As construtoras privadas saíram do consórcio. Empresas privadas ou não estatais brasileiras como Neoenergia, Vale e a siderúrgica Sinobrás participam dele. Mas a entrada da Eletronorte, responsável pelos estudos de viabilidade da Usina de Belo Monte, da Eletrobrás (controladora da Eletronorte e da Chesf) e de fundos de pensão de estatais, como o Funcef (dos funcionários da Caixa Econômica Federal) - que há dois meses ampliou para 10% sua participação no consórcio, com a compra da participação de uma construtora privada - e o Petros (dos funcionários da Petrobrás), o tornam um empreendimento nitidamente estatal.
O empréstimo recorde do BNDES, no valor de R$ 22,5 bilhões, representa 78% do atual custo previsto da obra, de R$ 28,9 bilhões (recorde-se que, inicialmente, o custo total era estimado em R$ 19,6 bilhões, considerado irreal por empresas especializadas em construção de usinas hidrelétricas). O valor corresponde a mais do dobro dos empréstimos concedidos às duas hidrelétricas em construção no Rio Madeira (Santo Antônio e Jirau), que, juntas, obtiveram financiamento de R$ 15,6 bilhões.
Canalizado para um empreendimento estatal, o empréstimo à Norte Energia - embora esteja dentro das limitações legais de operação do banco, como a de a operação não ultrapassar o equivalente a 25% do patrimônio de referência, isto é, R$ 23,06 bilhões - reduz substancialmente a disponibilidade de recursos que a instituição pode oferecer para empresas privadas que necessitam modernizar suas instalações ou ampliar seu parque produtivo, para aumentar sua competitividade.
O financiamento gigantesco concedido pelo BNDES é mais um item polêmico que se soma aos muitos envolvendo Belo Monte. Até a realização do leilão, o projeto era questionado na Justiça sob o argumento de que comunidades indígenas não tinham sido consultadas.

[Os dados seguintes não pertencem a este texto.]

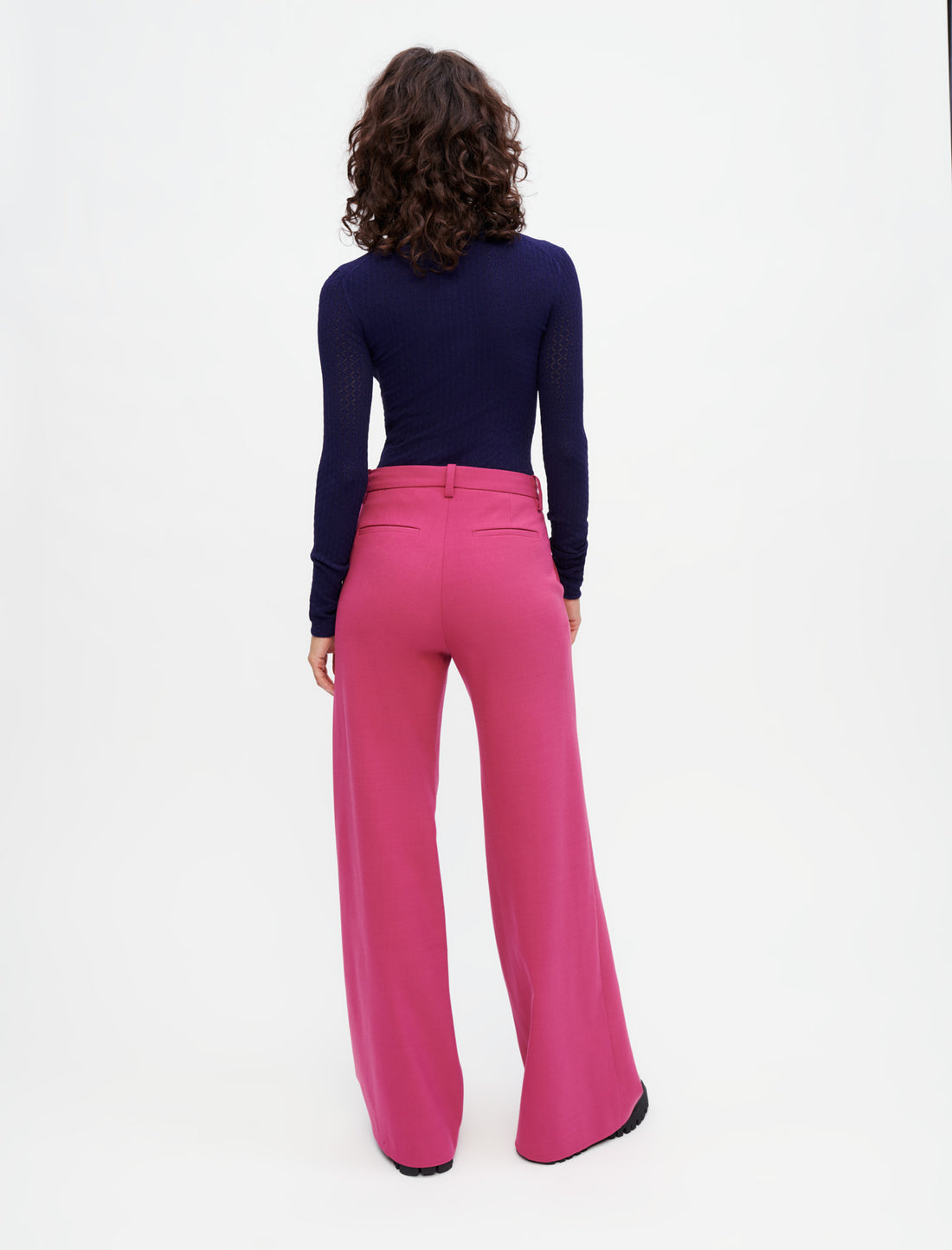 Pantalón de traje ancho y elástico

Igualmente o modelo de geração adotado em Belo Monte - de fio d"água, que não exige grandes reservatórios - tem sido criticado, pois assegurará a geração média equivalente a 40% de sua capacidade total, inferior à média de 55% de outras usinas hidrelétricas construídas de acordo com o modelo tradicional.
Há pouco, reações violentas dos trabalhadores envolvidos em sua construção forçaram a paralisação das obras. Mesmo assim, o consórcio garante que a primeira unidade geradora entrará em operação em fevereiro de 2015.